1,452. “Of every kind”; lit., “both fit and unfit to be spoken.”
1,453. The “water” and “iron” are apparently allusions to the coldness and hardness of heart of the slave-girl. The sense is presumably that the fire in the king’s heart should warm and soften that of the girl, but that even if it did not (see the next distich), his mind is so set on her that the pain of the love for her is preferable to him to his remedy of intimacy with the other girl.
1,454. Lit., “the old woman was a smoke-raiser in the midst.” Dūd-afgan, lit., “a caster or raiser of smoke,” means “a sorcerer or sorceress who by burning aloes-wood, frankincense, wild rue-seed, and a species of bdellium raises incense and smoke, and by this and an incantation summons genii to do his or her bidding” (Burhān-i Qāṭi‘).
Dūd, “smoke,” means also “affliction”, a sense which is applicable also in the hemistich.
1,455. “The old dame’s cold,” bardu ’l-‘ajūz, is the name given to a period of cold weather lasting from about the 7th to the 14th of March, so that the sun enters Aries, and the New Year and Spring in Persia begin about a week after the cessation of this cold. By the sun’s entering Aries it is meant that the Spring of happy days is beginning for the king.
1,456. “Delight.” This sense of nāz is not given in the dictionaries, but it is established by many passages in this poem and other Persian writings.

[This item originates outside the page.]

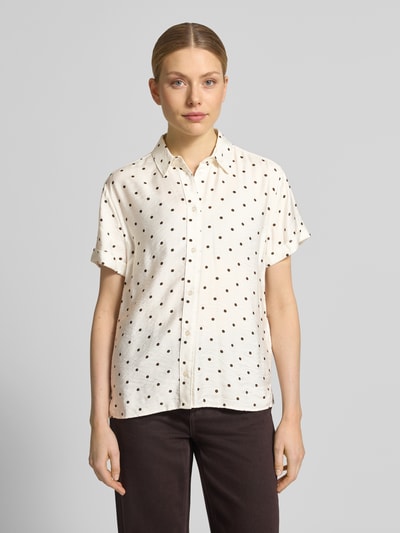 Modelka kobieca nosi Regular Fit Bluse aus Viskose-Mix im Allover-Look od Jake*s Casual, jasna, czarne kropki, kołnierzyk koszulowy, krótki rękaw z mankietem, krój regular fit, widok całej sylwetki z przodu.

1,457. “The lily-finder.” An allusion to the slave-girl as having a lily-white bosom.
“Unto the lily-scented cypress-tree”; i.e., to herself.
1,458. As usual, “the Chinese form, figure, or beauty,” naqsh-i Chīn, means a beauty of Chinese Turkistan. It is often, like “Turk”, applied as a compliment to any beauty.
1,459. “Ḥalvā, a certain sweet dish prepared in many varieties with sesame oil, various cereals, and syrup or honey” (Redhouse).
Saffron is sometimes added, principally because it is supposed to possess stimulant, exhilarating, cordial, and antispasmodic properties.
The Author by saying that the pleasure of ḥalvā dressed with saffron comes from yellowness means of course that it comes from the yellow ingredient saffron, but it may be noticed that most of the ingredients of the dish are yellow.
1,460. “Its yellow veil”; i.e., the material of which it is made.
1,461. A reference to the golden calf. See the Qur’ān, ii., 48, 88; iv., 152; vii., 146, and xx., 90. The meaning is that the real value of the calf was in its gold.
1,462. “Yellow ochre,” ṭīn-i aṣfar, or gil-i zard, is hydrated oxide of iron more or less mixed with clay, in which state it occurs naturally. Having when taken blood-enriching properties, it is stimulant and exhilarating. It is consequently, as the Author says, precious like gold because it is a source of joy.
1,463. i.e., he prepared to set out with great pomp.
Sar-sabz, translated “fortune-favoured”, means in the first place “verdant, green”, the colour on this occasion of the royal canopy or umbrella.
1,464. Lit., “The king was lighted up like a green candle”; but bar-afrūkhta means also “bright, rejoicing”.
1,465. The angels are supposed to be clothed in green.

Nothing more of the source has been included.